_PROBLEM REQUIREMENTS_
Every line with "Gallery" in it must be copied from the data.

BEGIN

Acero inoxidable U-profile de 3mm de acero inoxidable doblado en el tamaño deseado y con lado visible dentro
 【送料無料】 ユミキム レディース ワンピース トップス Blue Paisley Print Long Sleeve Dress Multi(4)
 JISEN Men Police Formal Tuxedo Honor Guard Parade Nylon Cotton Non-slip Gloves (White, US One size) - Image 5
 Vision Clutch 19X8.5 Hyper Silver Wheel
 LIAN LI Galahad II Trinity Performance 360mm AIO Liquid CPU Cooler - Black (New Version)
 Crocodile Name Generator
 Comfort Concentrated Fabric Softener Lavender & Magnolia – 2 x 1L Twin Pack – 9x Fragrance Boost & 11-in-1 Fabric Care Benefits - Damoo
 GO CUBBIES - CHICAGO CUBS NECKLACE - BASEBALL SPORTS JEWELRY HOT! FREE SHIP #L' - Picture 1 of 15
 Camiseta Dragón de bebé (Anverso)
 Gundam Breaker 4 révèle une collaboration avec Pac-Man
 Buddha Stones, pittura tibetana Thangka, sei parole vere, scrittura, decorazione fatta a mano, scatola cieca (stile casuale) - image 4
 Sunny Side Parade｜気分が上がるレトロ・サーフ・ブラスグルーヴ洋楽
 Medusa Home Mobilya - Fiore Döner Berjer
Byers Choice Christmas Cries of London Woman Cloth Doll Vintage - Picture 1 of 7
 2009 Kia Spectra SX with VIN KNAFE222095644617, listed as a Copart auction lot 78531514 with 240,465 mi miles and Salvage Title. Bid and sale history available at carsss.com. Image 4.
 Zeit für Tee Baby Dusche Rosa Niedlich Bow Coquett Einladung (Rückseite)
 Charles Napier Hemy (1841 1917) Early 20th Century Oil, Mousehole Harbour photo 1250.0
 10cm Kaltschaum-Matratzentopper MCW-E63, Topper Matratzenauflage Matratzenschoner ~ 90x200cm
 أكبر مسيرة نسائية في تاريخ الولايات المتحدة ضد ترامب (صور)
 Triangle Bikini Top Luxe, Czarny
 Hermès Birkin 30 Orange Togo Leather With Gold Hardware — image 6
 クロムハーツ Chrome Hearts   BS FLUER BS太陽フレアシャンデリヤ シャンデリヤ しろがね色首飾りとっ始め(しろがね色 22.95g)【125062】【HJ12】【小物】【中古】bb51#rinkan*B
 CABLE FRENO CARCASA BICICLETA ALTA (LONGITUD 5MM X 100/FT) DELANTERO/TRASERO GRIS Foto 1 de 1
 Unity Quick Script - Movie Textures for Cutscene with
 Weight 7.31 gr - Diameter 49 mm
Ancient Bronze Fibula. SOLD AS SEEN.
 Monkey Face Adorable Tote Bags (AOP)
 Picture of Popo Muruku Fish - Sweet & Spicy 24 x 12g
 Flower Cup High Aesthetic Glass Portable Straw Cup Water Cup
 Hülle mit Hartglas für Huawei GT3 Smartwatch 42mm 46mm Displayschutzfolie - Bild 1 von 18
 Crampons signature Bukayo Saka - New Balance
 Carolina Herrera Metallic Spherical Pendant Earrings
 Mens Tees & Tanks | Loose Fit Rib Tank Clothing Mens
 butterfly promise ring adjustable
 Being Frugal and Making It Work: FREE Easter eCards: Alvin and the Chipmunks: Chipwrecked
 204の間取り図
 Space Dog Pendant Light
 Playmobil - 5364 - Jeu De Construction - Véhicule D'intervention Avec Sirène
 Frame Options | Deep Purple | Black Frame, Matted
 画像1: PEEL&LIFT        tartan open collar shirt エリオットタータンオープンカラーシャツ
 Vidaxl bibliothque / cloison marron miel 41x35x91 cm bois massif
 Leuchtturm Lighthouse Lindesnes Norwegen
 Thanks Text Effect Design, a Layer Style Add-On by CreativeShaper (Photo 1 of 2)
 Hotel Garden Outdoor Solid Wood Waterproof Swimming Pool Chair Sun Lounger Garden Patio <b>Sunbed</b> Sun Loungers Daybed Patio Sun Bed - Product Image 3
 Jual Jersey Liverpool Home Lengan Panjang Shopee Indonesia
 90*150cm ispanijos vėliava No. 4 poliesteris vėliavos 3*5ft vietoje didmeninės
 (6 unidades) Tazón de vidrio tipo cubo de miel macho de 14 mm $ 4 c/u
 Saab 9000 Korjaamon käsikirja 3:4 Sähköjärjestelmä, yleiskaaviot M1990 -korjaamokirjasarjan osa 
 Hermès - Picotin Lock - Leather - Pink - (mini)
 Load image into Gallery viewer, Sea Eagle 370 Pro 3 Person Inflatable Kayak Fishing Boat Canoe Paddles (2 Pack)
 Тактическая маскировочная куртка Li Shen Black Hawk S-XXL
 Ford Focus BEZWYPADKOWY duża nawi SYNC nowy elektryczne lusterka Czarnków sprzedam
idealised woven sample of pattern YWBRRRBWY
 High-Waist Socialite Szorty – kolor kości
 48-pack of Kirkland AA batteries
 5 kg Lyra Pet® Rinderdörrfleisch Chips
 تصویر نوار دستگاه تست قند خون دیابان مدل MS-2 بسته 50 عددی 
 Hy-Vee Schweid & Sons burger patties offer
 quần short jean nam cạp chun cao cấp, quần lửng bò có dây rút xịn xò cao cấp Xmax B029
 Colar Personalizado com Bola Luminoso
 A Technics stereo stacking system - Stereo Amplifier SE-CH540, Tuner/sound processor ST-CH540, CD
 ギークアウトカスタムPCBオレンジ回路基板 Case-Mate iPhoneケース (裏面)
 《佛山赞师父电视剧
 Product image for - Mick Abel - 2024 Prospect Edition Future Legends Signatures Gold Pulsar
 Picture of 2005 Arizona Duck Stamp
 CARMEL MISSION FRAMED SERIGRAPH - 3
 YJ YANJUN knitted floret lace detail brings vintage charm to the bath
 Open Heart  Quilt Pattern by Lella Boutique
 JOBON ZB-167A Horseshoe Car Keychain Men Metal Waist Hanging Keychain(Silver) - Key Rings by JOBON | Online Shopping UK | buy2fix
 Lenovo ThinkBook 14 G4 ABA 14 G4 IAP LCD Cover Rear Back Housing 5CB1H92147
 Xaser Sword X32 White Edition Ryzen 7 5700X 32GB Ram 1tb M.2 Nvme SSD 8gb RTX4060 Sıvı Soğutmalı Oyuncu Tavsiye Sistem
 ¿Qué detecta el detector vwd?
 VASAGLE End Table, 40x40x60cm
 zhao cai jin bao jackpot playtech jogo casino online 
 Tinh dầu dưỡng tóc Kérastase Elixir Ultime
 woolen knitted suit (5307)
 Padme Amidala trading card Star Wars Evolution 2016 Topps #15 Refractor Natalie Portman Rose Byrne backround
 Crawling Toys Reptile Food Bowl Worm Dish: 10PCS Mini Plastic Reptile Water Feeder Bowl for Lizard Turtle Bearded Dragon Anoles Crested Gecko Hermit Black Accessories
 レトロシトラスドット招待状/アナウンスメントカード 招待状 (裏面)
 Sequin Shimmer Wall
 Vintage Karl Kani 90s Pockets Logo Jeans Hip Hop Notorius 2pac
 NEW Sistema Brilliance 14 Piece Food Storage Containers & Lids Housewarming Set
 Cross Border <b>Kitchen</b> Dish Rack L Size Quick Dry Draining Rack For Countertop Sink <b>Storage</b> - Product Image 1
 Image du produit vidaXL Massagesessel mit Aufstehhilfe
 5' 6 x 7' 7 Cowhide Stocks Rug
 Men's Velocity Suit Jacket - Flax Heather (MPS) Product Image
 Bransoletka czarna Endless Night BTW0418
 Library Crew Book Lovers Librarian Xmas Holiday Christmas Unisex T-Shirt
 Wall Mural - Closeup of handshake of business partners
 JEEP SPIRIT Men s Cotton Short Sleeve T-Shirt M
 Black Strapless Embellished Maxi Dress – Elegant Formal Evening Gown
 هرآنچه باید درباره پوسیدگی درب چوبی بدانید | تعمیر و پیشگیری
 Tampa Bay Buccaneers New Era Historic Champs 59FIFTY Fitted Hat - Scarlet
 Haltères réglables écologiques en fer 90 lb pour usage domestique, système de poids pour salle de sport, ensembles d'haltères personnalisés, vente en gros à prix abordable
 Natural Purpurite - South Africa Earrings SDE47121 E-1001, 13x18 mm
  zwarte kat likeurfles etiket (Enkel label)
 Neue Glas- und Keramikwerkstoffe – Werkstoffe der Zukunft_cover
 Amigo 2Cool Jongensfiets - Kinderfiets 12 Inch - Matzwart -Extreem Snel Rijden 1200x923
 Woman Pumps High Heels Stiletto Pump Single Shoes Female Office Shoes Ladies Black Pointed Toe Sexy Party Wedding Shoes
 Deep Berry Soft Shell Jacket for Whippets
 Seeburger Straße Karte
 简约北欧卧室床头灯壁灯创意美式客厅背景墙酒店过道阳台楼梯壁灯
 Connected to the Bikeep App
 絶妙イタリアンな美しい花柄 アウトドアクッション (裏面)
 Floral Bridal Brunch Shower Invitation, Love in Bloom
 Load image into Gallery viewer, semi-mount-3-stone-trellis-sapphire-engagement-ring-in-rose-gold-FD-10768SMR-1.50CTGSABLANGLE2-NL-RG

END

_FINAL ANSWER_
 Load image into Gallery viewer, Sea Eagle 370 Pro 3 Person Inflatable Kayak Fishing Boat Canoe Paddles (2 Pack)
 Load image into Gallery viewer, semi-mount-3-stone-trellis-sapphire-engagement-ring-in-rose-gold-FD-10768SMR-1.50CTGSABLANGLE2-NL-RG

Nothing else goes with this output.